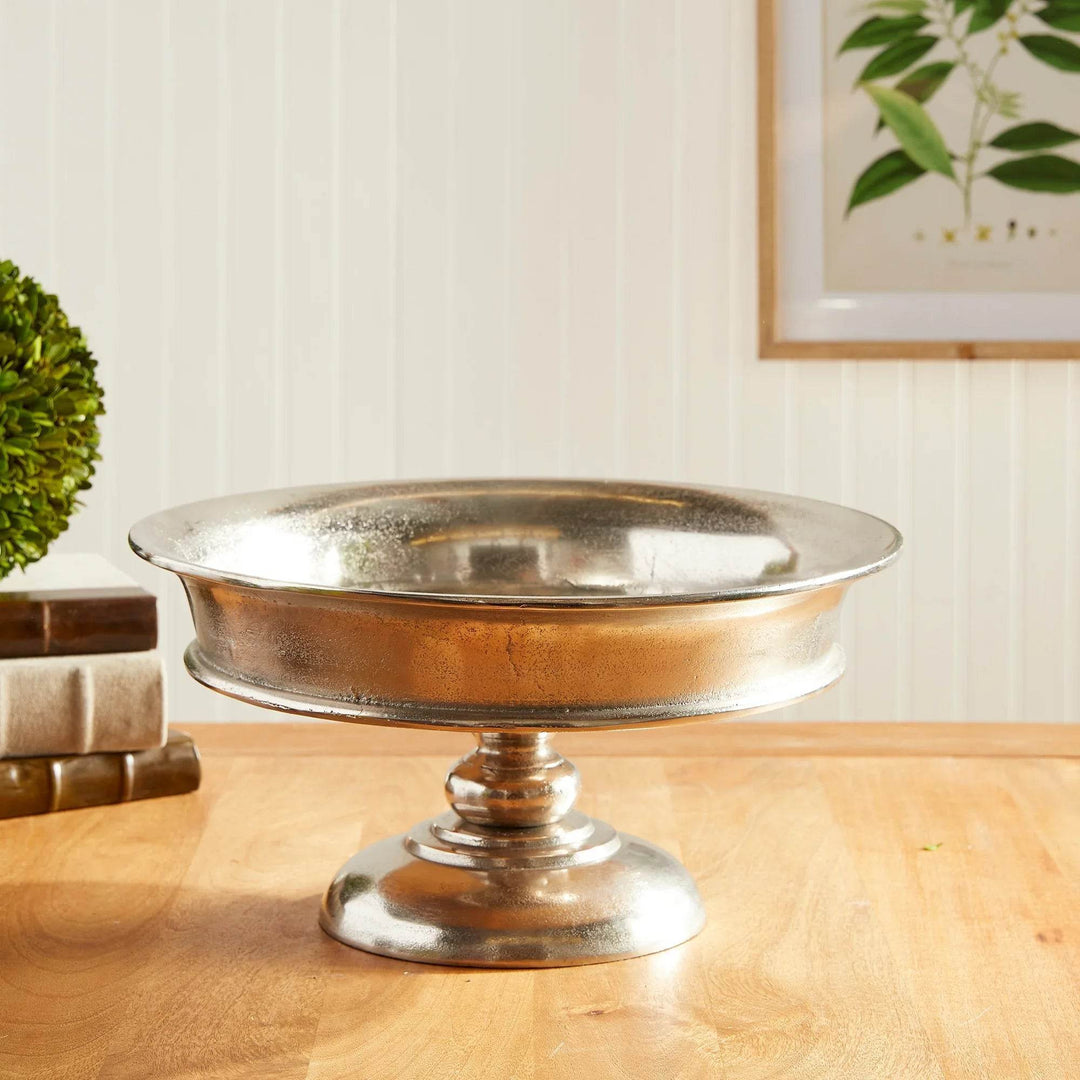 Brushed silver cast aluminum pedestal bowl with round base on wood tabletop, 16 inch wide – Modern Classic

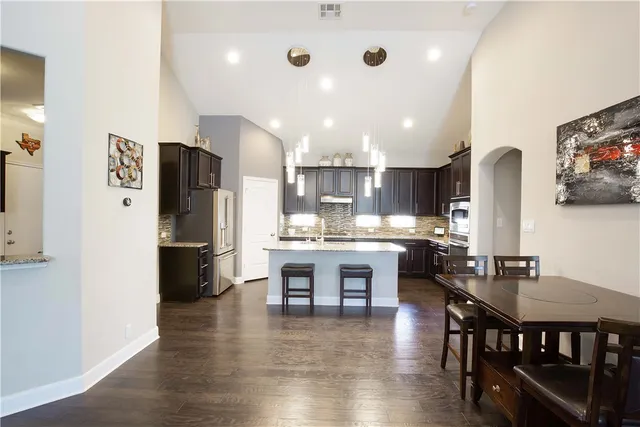 a kitchen with stainless steel appliances a dining table chairs and wooden floor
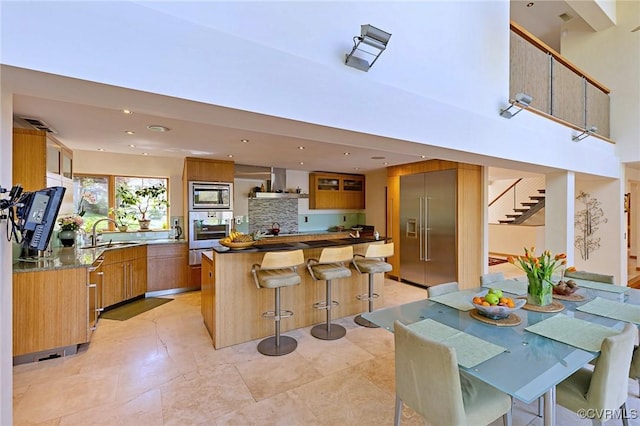 kitchen with built in appliances, modern cabinets, wall chimney exhaust hood, a sink, and a warming drawer
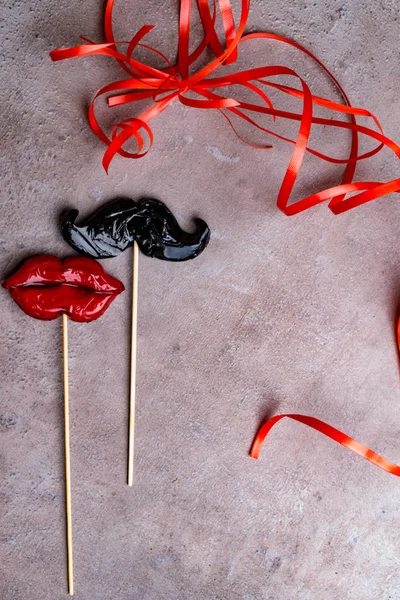 carnival party accessories candy women red lips and man mustache on a grey stone background, love concept, man and women, 14th february, weeding, heterosexual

Task statement » Each line above that falls between the line with "a kitchen with" and the line with "kitchen with built" should be printed exactly, together with those two lines, but the pictures should not.

Answer section »
 a kitchen with stainless steel appliances a dining table chairs and wooden floor
 kitchen with built in appliances, modern cabinets, wall chimney exhaust hood, a sink, and a warming drawer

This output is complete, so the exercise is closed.